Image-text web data
■ ■ ■ ■

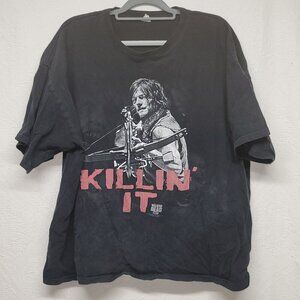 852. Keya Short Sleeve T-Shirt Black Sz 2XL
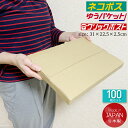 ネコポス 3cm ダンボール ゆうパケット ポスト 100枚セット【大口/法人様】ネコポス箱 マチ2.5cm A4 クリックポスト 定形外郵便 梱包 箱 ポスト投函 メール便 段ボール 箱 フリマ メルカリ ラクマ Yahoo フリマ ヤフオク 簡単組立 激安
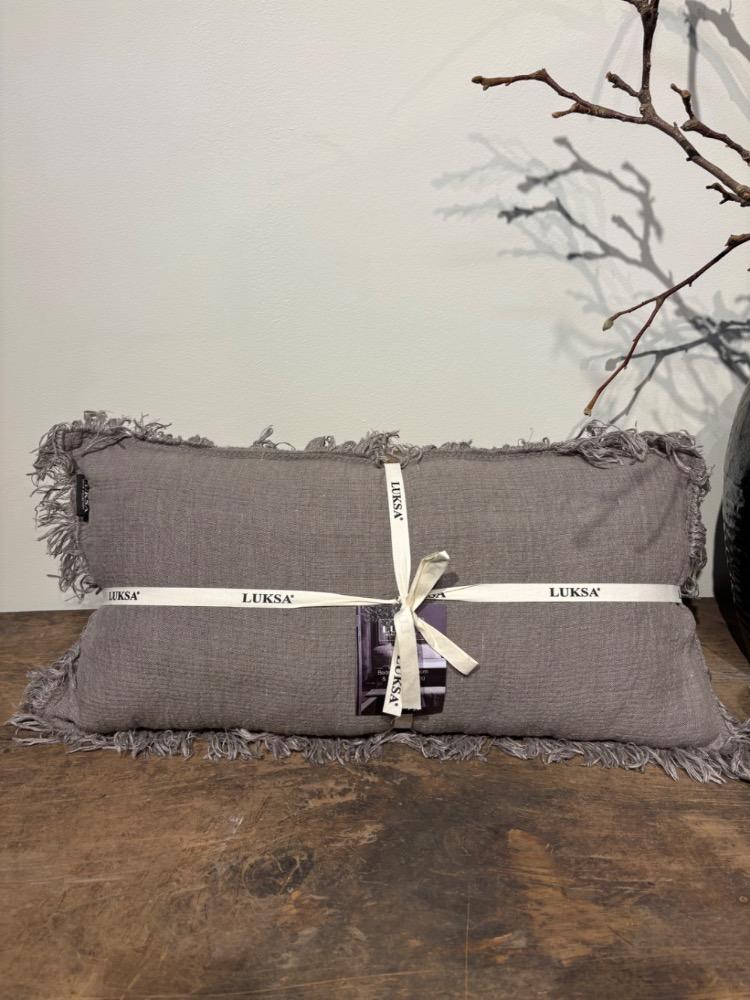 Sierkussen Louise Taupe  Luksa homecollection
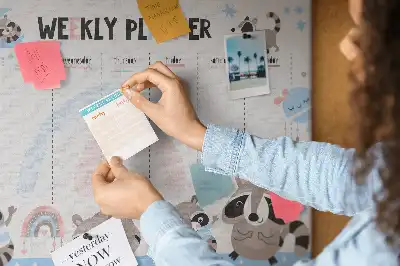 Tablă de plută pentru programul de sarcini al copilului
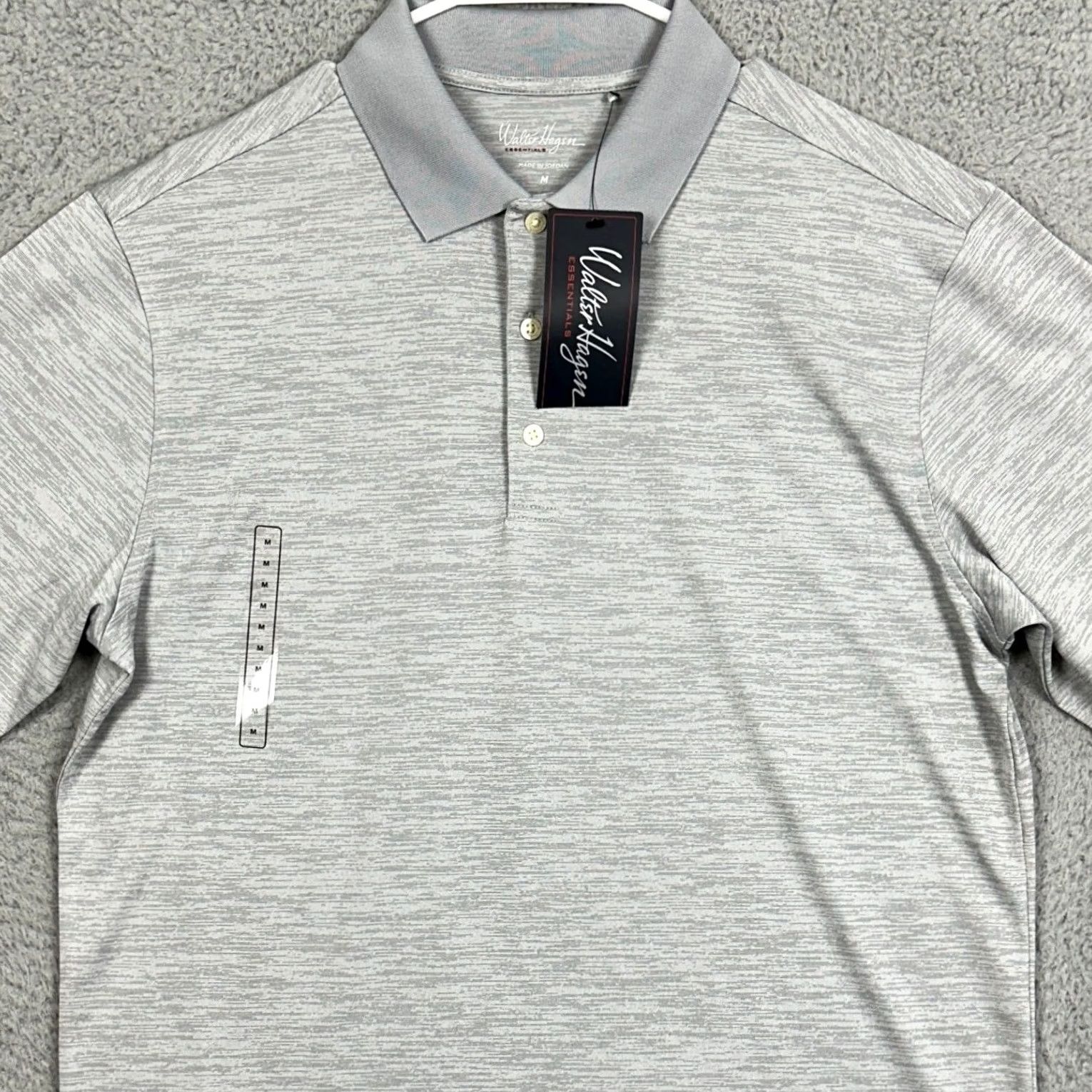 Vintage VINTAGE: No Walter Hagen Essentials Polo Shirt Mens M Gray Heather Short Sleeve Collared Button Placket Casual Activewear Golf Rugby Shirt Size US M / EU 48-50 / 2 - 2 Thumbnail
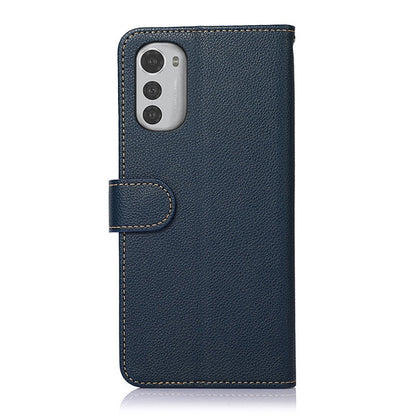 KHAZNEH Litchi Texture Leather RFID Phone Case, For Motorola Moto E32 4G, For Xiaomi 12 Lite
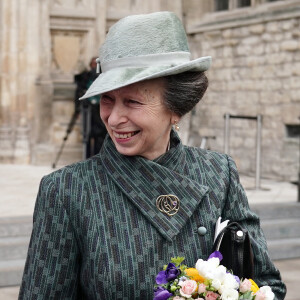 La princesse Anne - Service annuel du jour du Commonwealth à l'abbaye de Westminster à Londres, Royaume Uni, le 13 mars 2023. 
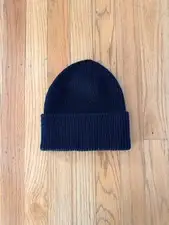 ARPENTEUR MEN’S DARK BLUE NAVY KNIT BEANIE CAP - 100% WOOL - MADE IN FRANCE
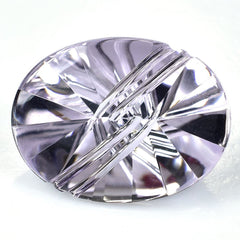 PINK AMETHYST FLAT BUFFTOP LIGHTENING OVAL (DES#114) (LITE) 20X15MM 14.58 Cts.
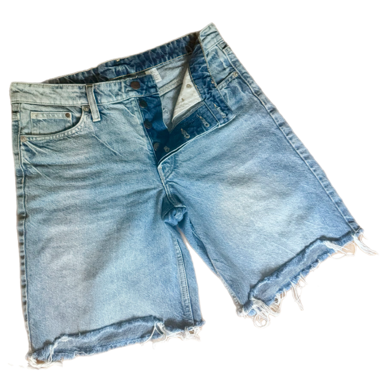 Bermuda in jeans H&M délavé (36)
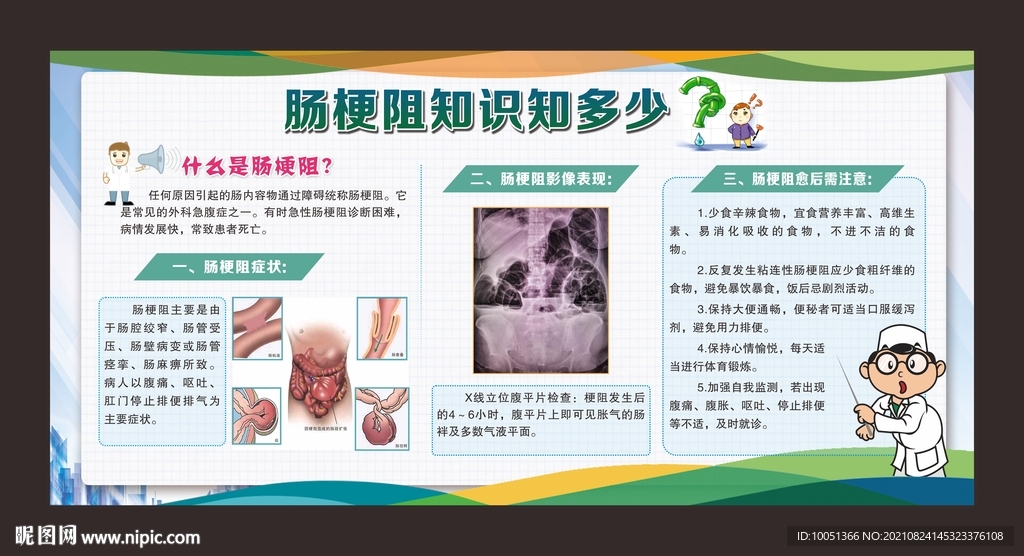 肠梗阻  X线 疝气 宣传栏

■ ■ ■ ■

### DESCRIPTION OF THE TASK
The output is the stretch above from the line with "La princesse Anne" through the line with "ARPENTEUR MEN’S DARK", copied word for word with both ends kept and every picture dropped.

### COMPLETED EXERCISE
 La princesse Anne - Service annuel du jour du Commonwealth à l'abbaye de Westminster à Londres, Royaume Uni, le 13 mars 2023. 
 ARPENTEUR MEN’S DARK BLUE NAVY KNIT BEANIE CAP - 100% WOOL - MADE IN FRANCE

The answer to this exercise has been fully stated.